Everything in the listing that follows should be reproduced exactly except the pictures.

-------- RECORDED DATA --------

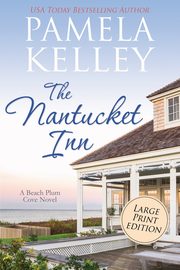 The Nantucket Inn, Kelley Pamela M.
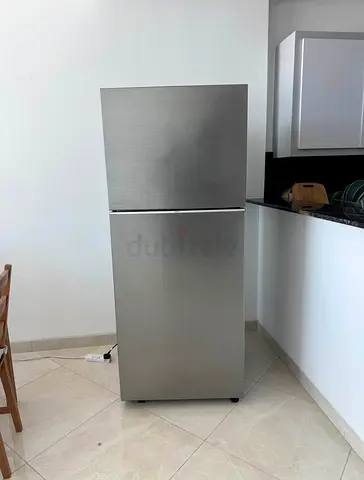 Samsung latest model fridge 500 litter for sell 💯 good working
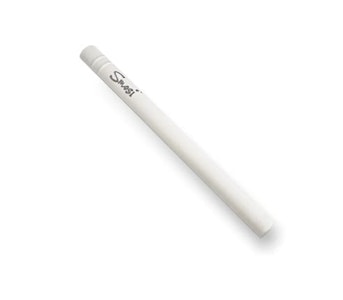 Smosi - Smosi - One Hitter White Knight
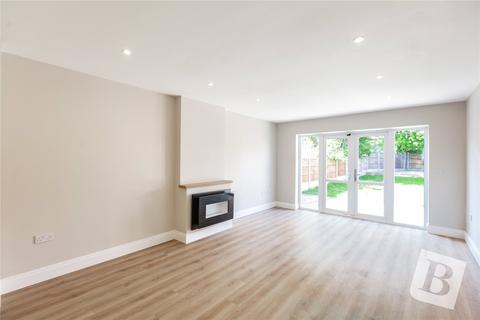 59 Willow Street, Romford, RM7 7LB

--------

▶ _EXERCISE RESULT_
 The Nantucket Inn, Kelley Pamela M.
 Samsung latest model fridge 500 litter for sell 💯 good working
 Smosi - Smosi - One Hitter White Knight
 59 Willow Street, Romford, RM7 7LB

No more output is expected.